Pressure is building on Commonwealth Bank amid allegations by the nation’s financial crimes agency that drug syndicates used its network of deposit machines to launder cash, despite warnings from police. The nation’s securities regulator opened its own inquiry last week and the governor of the central bank called for accountability in the banking industry, which is beset by a string of scandals.
Narev, 50, has presided over a market-topping stock price since he took the helm at the start of December 2011. Last week, he delivered the lender’s eighth consecutive record profit.
His achievements have been overshadowed by the money-laundering allegations — the third major public-relations scandal he has faced as CEO. The bank has paid A$29 million ($23 million) in compensation to customers who were allegedly given poor financial advice, and has faced accusations it wrongly failed to honor insurance claims to sick clients.
The financial crime agency, Austrac, alleges that Commonwealth Bank failed to report either on time or at all suspicious transactions through its network of automated cash deposit machines totaling more than A$624 million, and it failed to monitor the activities of drug syndicates even after being alerted by police. The bank has blamed most of the breaches on a software coding error which has since been fixed.
The allegations are the latest in a series of scandals in Australia’s banking industry, ranging from giving poor advice to wealth-management customers to allegations the nation’s three other biggest banks manipulated a benchmark swap rate.
Moral of the Story
With share prices high after three scandals, the moral of the story must be CEO crimes pay. What other lesson could there possibly be?
Australia’s hot property market is an attractive haven for criminals, with estimates that billions of dollars of dirty money is being laundered through residential property.

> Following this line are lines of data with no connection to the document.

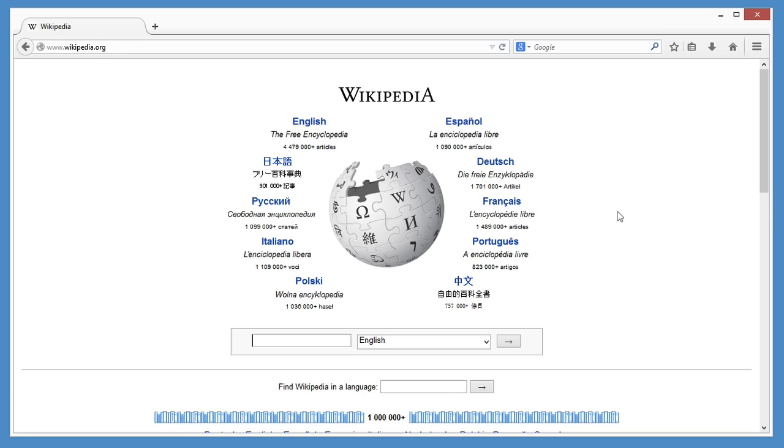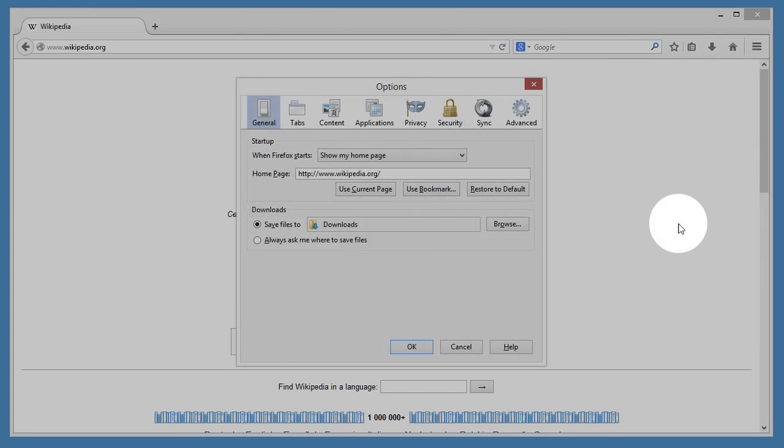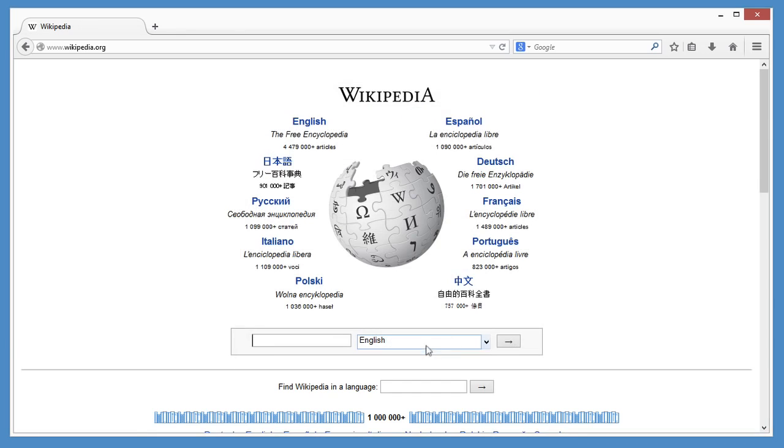And if you ever change your mind and want that cool Firefox page back, open the menu, click Options, General, and Restore to Default. It's as easy as that.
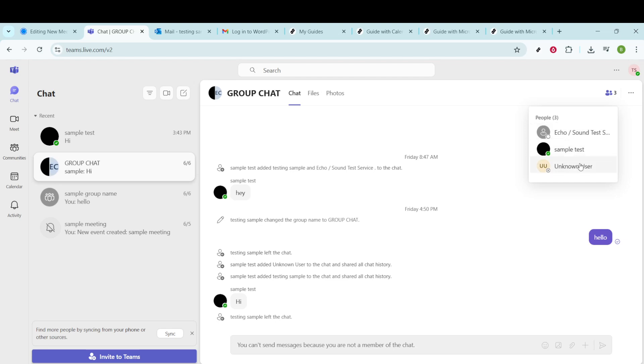And that's it. Super easy and simple. By following these steps, you can always ensure that you're aware of everyone participating in a conversation. This can be especially handy in professional settings where project groups are common and knowing your team is crucial for effective collaboration.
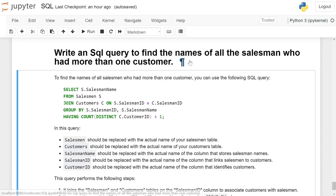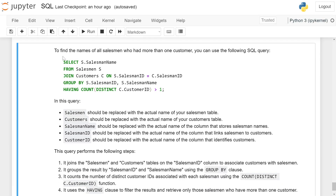Write an SQL query to find the names of all the salesmen who had more than one customer. To find the names of all the salesmen who had more than one customer, you can use the following SQL query: SELECT s.salesman_name FROM salesman s JOIN customer c ON s.salesman_id = c.salesman GROUP BY s.salesman_id, s.salesman_name HAVING COUNT(DISTINCT c.customer_id) > 1.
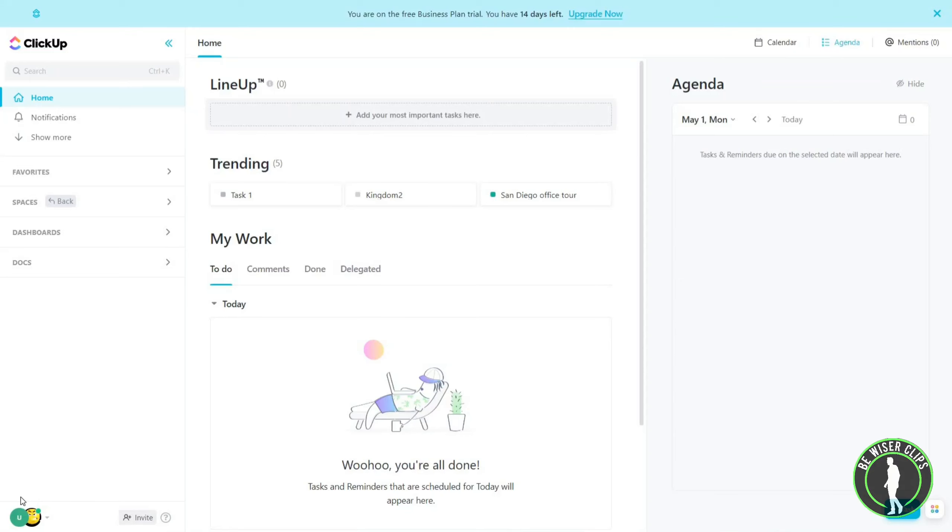Welcome back again. I hope you all are doing well. In this video, we are going to learn how we can add assignments on ClickUp. Let's get started. Once you open ClickUp, you will get this page.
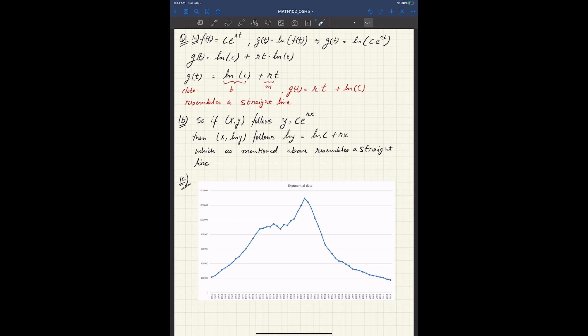Problem 1 is about exponential data fitting. When you observe data from a natural phenomenon and instead of fitting a linear line it resembles exponential growth — like ozone depletion — we use logarithms to help model it as a linear function. The problem gives an exponential function of the form c·e^(rt), and they ask you to define the function G(t) as the natural log of that.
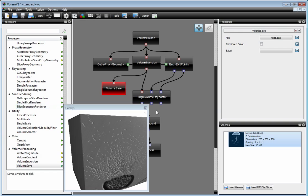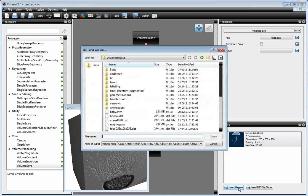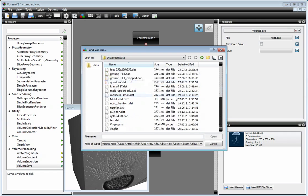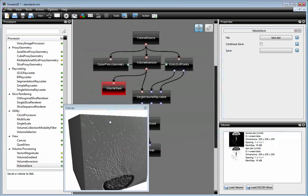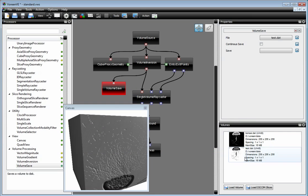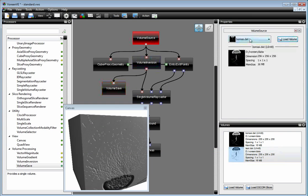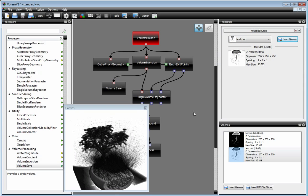Now we have created a copy of this dataset, which is inverted, and of course we can load it again. This was named test. And now you can see we have the inverted copy of the dataset in here. And if we put it again here and we have the inversion, we should come up with the final render.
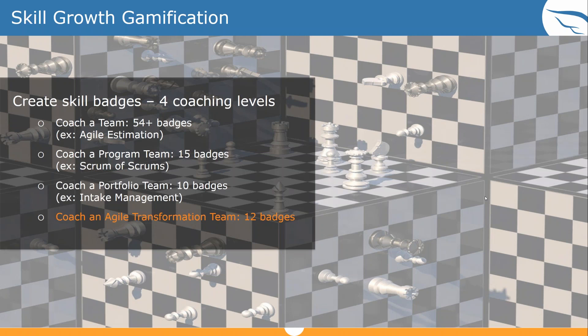We can also use gamification internally — one of my favorite ways to change culture. One of the hardest things about going agile is that you have to change culture. A fun way to do that is to create a list of behaviors or skills you wish your organizational culture had, then recognize people when they embrace and exhibit those behaviors. We've created skill badges for all four coaching levels: coach a team, coach a program, coach a portfolio, and coach an agile transformation team. For a team alone, there are as many as 54 or more badges.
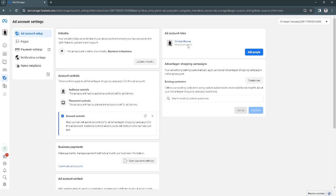And now that account is removed from your ad account roles. So that's basically it. If you find this video helpful, please hit like and subscribe. Thanks.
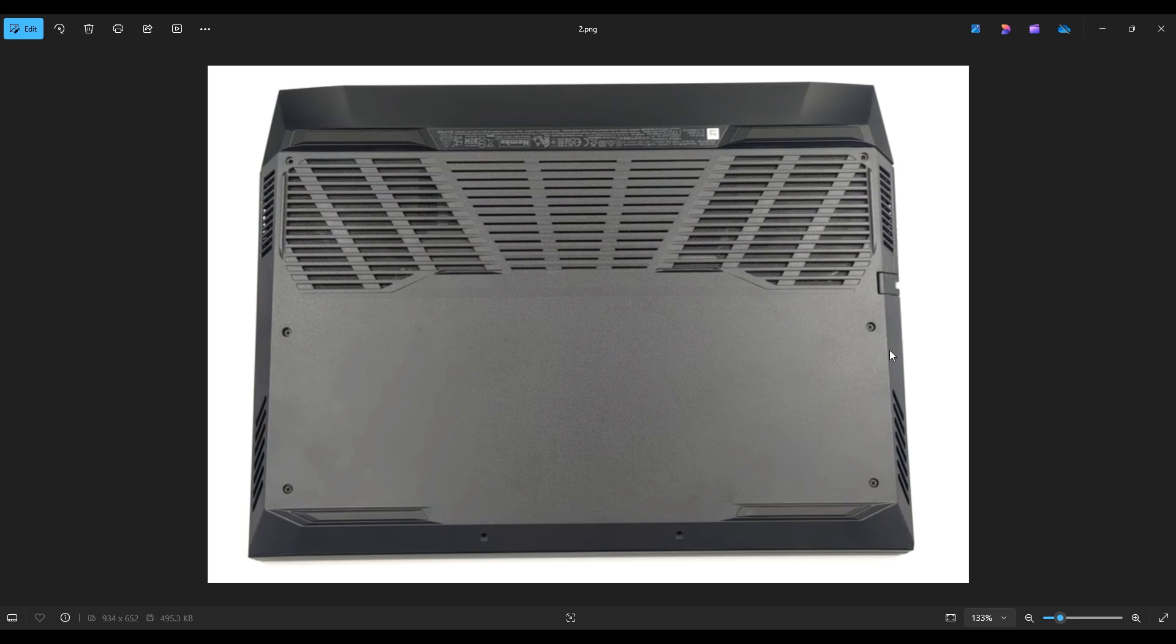Now you don't want to put the pry tool too far in. You could damage some internal components. Just keep it on the outside, go nice and slow. And if you get stuck in a section and you can't proceed anymore in that direction, go to the other side, start there, and continue around.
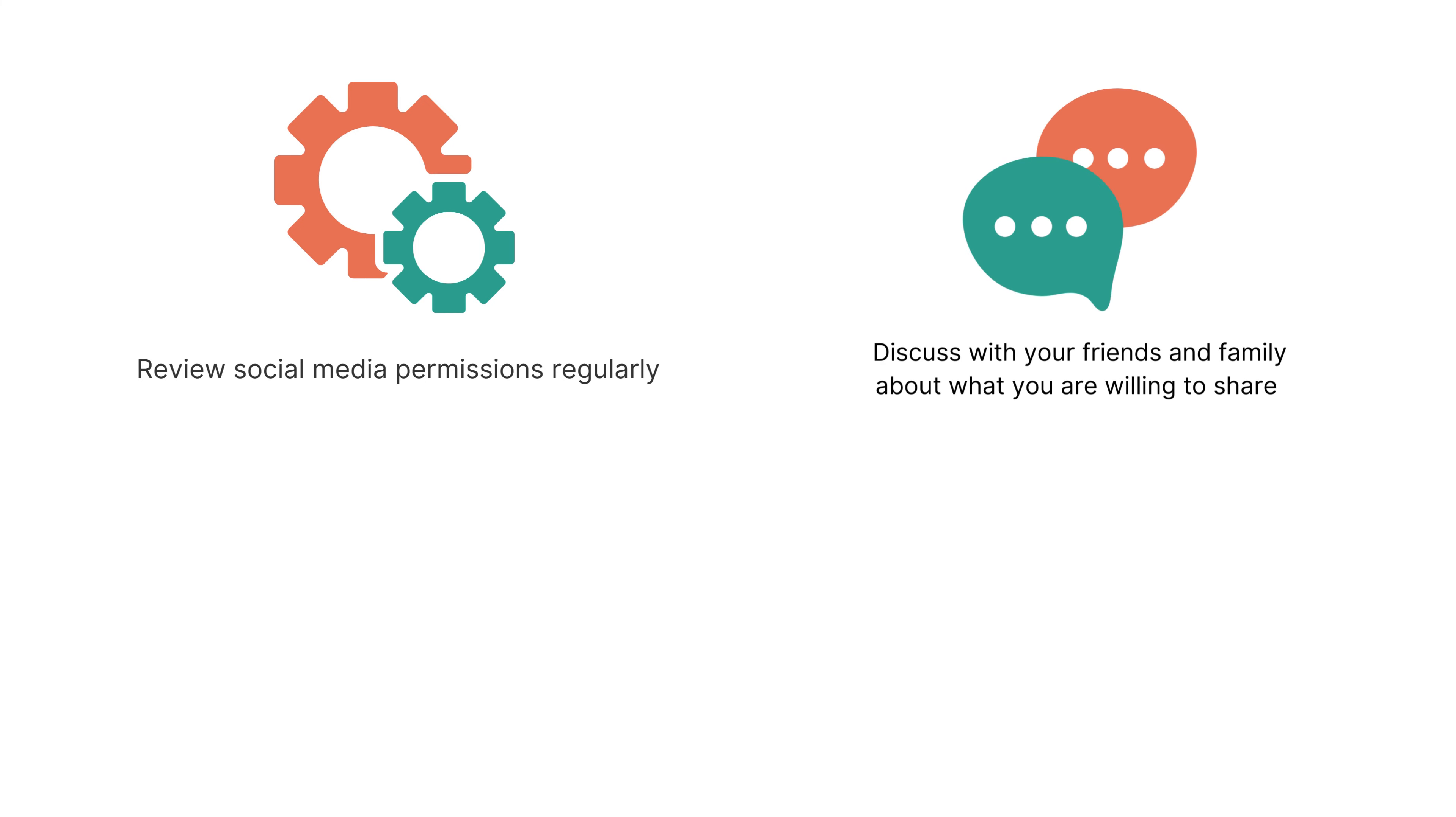Second, discuss with your friends and family about what you are willing to share. This can reduce the chances of having pictures or information you don't want to appear online.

Australia’s anti-money laundering law does not cover real estate agents, lawyers and accountants, despite promises when the law was enacted in 2006 that the legislation would be widened.
ANZ’s head of financial crime, Guy Boyd, is scathing of the failure of subsequent governments to extend the legislation.
Australia’s housing market has been targeted by money launderers from countries including Papua New Guinea, Malaysia and China.
Let’s Blame Money Itself
Given than scandals provide perfect cover to place the blame on innocent people and innocent things, no one should be surprised by this outcome: CBA Scandal Blamed on ‘Outdated’ Banknotes.
The Commonwealth Bank money-laundering scandal has given ammunition to the anti-cash crusade, with one analyst asking whether “outdated” $100 and $50 notes are the “root of the problem”.
The nation’s largest bank is facing allegations of more than 53,000 breaches of anti-money laundering and counter-terrorism financing laws, the majority relating to large cash deposits made at CommBank ATMs.
In a note earlier this month, UBS analyst Jonathan Mott said the CommBank scandal raised “four critical questions”.
“Is the root of the problem the outdated high denomination cash notes?” he wrote. “Should Australia move to phase out cash given its role in the black economy (including: proceeds of crime, money laundering, tax avoidance, welfare fraud)?”
The Black Economy Taskforce’s final report is due in October. Gee, I can hardly wait.